The Credit Facility and the ICF are unconditionally guaranteed by our principal domestic subsidiaries. Additionally, the
ICF is unconditionally guaranteed by YUM. These agreements contain financial covenants relating to maintenance of
leverage and fixed charge coverage ratios and also contain affirmative and negative covenants including, among other
things, limitations on certain additional indebtedness and liens, and certain other transactions specified in the agreement.
Given the Company’s balance sheet and cash flows we were able to comply with all debt covenant requirements at
December 26, 2009 with a considerable amount of cushion.
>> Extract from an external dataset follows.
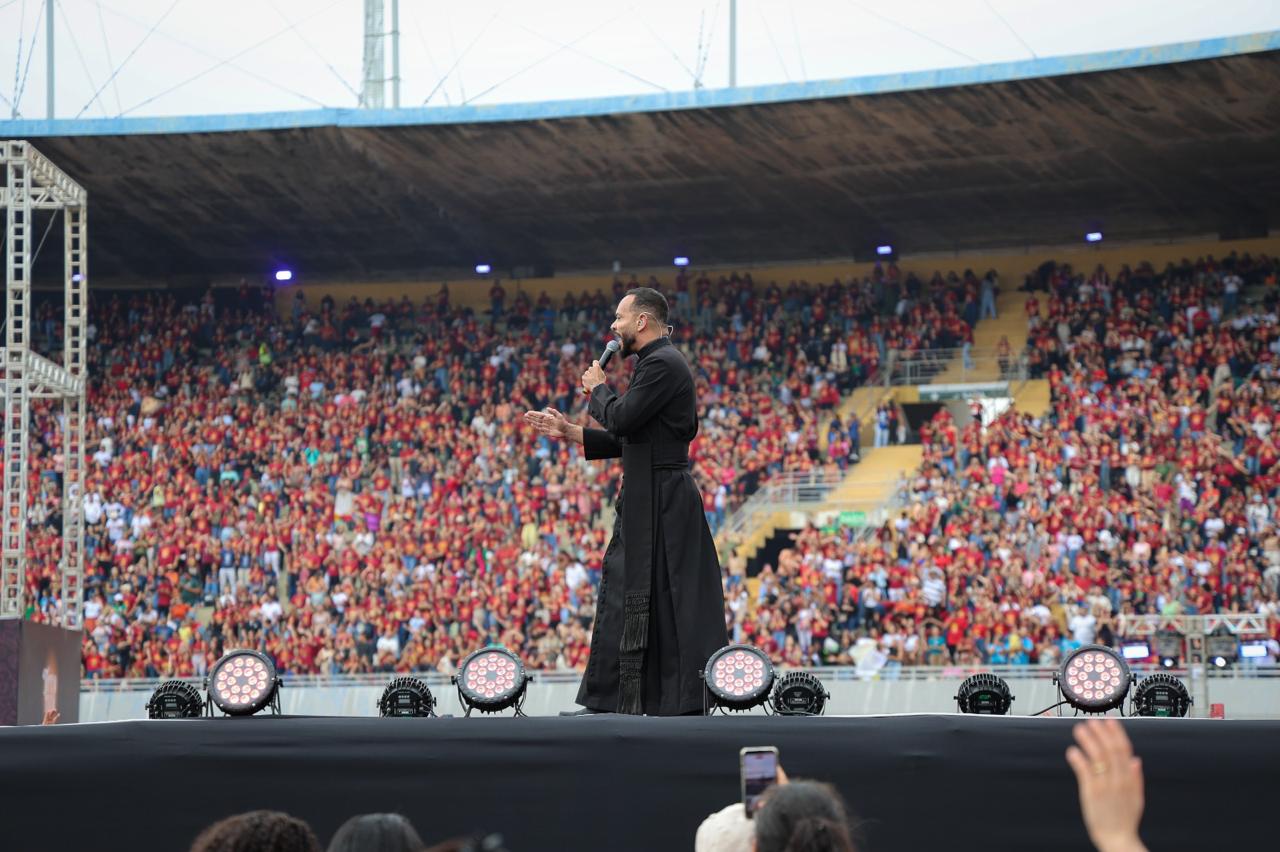 Totus Tuus expande fronteiras: Padre Marcos Rogério leva evento de fé aos Estados Unidos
The majority of our remaining long-term debt primarily comprises Senior Unsecured Notes with varying maturity dates
from 2011 through 2037 and stated interest rates ranging from 4.25% to 8.88%. The Senior Unsecured Notes represent
senior, unsecured obligations and rank equally in right of payment with all of our existing and future unsecured
unsubordinated indebtedness. Amounts outstanding under Senior Unsecured Notes, reflecting the events described below,
were $2.9 billion at December 26, 2009.
During the second quarter of 2009 we repurchased Senior Unsecured Notes due July 1, 2012 with an aggregate principal
amount of $137 million.
In August 2009, we issued $250 million aggregate principal amount of 4.25% Senior Unsecured Notes that are due in
September 2015 and $250 million aggregate principal amount of 5.30% Senior Unsecured Notes that are due in
September 2019. We used the proceeds from our issuance of these Senior Unsecured Notes to repay a variable rate senior
unsecured term loan in an aggregate principal amount of $375 million that was scheduled to mature in 2011 and to make
discretionary payments to our pension plans in the fourth quarter of 2009.
Our Senior Unsecured Notes, Credit Facility, and ICF all contain cross-default provisions, whereby a default under any of
these agreements constitutes a default under each of the other agreements.